数次相続は状況によって三次、四次と続く可能性があり、相続が重なるほど調査対象が増え、権利関係も複雑になります。
ご自身で調査するのが難しい場合は、弁護士や司法書士などの専門家に依頼するのも一つの方法です。
数次相続の典型例
数次相続の主なケースを3つご紹介します。
家族が順に死亡した
典型的な事例は、父の死亡後すぐに母も亡くなる(逆の場合もあり)といったケースです。祖父(祖母)が亡くなり、その後父親または母親(祖父の息子・娘)が亡くなるというケースもあります。
家族の中で不幸が重なったことで、次の相続が始まってしまうパターンが一般的です。 家族が短期間のうちに立て続けに亡くなると、相続人関係が複雑になります。
例えば、祖父が死亡した後、すぐに父も亡くなったとしましょう。祖父の相続人は祖母・伯父・父の3人で、父の相続人は母・長男・長女の3人です。

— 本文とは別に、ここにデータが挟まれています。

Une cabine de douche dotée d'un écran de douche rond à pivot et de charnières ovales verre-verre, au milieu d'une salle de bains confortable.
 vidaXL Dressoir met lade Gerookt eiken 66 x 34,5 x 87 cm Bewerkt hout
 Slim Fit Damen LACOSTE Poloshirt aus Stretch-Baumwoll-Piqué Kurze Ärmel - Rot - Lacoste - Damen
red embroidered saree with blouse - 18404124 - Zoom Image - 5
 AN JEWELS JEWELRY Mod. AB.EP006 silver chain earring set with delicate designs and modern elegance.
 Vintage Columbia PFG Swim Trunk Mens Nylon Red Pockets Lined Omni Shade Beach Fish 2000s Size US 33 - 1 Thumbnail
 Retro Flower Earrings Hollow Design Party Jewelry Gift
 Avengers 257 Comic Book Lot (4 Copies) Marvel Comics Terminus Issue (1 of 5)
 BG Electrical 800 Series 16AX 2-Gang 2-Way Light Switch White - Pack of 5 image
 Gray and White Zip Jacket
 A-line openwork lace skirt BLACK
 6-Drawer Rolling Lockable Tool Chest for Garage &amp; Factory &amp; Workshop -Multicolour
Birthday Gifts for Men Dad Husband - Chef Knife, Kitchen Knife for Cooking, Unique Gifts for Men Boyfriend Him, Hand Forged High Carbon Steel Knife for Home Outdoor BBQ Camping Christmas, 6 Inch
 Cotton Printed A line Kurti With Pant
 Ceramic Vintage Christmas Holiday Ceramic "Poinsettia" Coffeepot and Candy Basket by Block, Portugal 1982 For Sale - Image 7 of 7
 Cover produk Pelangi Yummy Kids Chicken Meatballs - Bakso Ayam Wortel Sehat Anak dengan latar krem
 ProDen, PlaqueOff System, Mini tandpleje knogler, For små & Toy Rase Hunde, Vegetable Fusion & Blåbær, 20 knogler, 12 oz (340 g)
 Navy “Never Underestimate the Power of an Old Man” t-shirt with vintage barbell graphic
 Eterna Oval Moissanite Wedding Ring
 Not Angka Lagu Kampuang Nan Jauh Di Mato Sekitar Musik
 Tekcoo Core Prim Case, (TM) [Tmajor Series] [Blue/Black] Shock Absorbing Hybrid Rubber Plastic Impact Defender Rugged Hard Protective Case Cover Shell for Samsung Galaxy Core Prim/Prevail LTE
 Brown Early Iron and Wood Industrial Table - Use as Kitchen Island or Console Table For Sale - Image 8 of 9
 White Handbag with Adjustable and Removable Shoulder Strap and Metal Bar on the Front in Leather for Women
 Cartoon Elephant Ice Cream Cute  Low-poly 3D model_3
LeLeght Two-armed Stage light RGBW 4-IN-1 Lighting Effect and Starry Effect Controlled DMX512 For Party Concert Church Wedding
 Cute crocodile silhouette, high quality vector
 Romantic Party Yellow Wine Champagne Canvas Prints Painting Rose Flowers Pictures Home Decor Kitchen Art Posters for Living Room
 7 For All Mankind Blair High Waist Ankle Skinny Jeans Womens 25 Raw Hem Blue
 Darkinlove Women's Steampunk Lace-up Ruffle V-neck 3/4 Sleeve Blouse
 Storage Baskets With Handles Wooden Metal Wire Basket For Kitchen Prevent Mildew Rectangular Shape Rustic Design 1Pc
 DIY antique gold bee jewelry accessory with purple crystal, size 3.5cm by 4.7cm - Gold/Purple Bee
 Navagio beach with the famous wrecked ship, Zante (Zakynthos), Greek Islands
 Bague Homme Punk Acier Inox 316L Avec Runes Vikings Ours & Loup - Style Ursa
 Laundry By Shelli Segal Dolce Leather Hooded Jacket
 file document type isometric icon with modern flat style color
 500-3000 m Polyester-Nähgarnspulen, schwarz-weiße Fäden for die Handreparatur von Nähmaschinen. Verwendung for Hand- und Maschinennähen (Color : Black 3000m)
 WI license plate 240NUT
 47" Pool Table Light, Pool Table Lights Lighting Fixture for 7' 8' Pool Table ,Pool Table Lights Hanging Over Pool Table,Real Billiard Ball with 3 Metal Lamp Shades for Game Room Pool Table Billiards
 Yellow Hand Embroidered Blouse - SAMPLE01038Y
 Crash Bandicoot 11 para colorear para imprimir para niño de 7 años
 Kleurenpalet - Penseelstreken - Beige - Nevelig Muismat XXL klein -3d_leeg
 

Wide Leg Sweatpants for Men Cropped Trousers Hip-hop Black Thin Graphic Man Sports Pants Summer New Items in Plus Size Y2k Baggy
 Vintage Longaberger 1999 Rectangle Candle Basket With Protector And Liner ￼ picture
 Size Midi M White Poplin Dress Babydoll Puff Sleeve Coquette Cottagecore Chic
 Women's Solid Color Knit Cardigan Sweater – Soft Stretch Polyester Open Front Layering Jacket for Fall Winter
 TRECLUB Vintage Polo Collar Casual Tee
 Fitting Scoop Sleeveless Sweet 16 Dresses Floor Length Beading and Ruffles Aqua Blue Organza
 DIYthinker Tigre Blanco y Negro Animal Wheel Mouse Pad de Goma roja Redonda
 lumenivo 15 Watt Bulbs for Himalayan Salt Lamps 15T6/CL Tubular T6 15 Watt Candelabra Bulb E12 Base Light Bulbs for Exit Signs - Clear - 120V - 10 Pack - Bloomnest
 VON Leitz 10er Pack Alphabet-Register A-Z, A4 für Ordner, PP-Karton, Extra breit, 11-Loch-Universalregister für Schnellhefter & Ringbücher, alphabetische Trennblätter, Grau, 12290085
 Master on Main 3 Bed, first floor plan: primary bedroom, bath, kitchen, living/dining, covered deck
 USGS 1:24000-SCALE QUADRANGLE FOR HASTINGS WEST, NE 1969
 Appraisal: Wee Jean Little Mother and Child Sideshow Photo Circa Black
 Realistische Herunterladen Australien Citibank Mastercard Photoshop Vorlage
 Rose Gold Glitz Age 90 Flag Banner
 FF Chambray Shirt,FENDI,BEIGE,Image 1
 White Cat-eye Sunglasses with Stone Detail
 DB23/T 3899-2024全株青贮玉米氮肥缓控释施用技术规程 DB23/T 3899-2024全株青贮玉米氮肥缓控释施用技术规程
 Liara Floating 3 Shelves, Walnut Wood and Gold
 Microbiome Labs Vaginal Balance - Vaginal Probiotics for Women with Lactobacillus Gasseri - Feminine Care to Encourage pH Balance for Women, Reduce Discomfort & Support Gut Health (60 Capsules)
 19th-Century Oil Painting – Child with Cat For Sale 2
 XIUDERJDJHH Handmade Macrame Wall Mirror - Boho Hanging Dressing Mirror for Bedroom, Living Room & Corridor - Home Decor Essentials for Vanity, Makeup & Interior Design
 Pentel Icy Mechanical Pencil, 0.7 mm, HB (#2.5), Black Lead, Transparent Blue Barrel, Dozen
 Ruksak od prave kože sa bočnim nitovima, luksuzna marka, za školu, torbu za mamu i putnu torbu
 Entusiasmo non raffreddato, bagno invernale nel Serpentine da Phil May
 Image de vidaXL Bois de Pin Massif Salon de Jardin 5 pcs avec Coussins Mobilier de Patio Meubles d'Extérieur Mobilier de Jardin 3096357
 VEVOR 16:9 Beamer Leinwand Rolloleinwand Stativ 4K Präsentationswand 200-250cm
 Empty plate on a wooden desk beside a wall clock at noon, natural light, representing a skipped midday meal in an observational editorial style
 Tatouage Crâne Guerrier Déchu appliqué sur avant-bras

このケースでは、母・長男・長女の3人は父の相続分を引き継ぐため、祖父の相続人は祖母・伯父・母・長男・長女の合計5人になります。
遺産分割を先延ばしにした
何かの事情により遺産分割を先延ばした結果、次の相続が始まってしまうパターンもあります。遺産分割が延びる理由は、主に以下のとおりです。
- 遺産トラブル
- 相続人が行方不明
- 財産の隠匿
遺産分割が先延ばしにされて時間が経過し、その間に相続人が亡くなれば、数次相続として処理します。
不動産の名義を放置していた
不動産の名義変更をしないまま放置していることで数次相続が発生することもあります。亡くなった親族名義のまま長年放っておくと、相続人の中で死亡した者が現れたときに、数次相続として処理をしなければなりません。
数次相続における遺産分割協議の仕方
遺産分割協議とは、遺産を分割するための話し合いのことです。協議には相続人全員の参加が必須です。
数次相続では、一次相続の協議に二次相続の相続人が参加するため、人数が増えて話し合いがまとまらないケースがあります。
しかし、面倒だからと放置していると、新たな相続が発生してしまい状況はどんどん複雑化していきます。収拾がつかない事態になる前に、数次相続は早めに対処すべきです。
ここでは、数次相続における協議の仕方を解説します。
複数の相続を同時に行える
数次相続では、複数の相続について協議を同時に行う方法が認められています。以下に該当する場合は、協議を同時に行ったほうがよいでしょう。
- 複数の相続に共通する相続人がいる
- 相続人の住居が離れている
相続人が共通であれば、時間も労力も節約できるので簡便です。
分けて協議したほうがよい場合もある
相続人が重複しなければ、個別に協議を行ったほうがよいケースもあります。人数が多くて協議が進まない場合は、分けて協議したほうがよいでしょう。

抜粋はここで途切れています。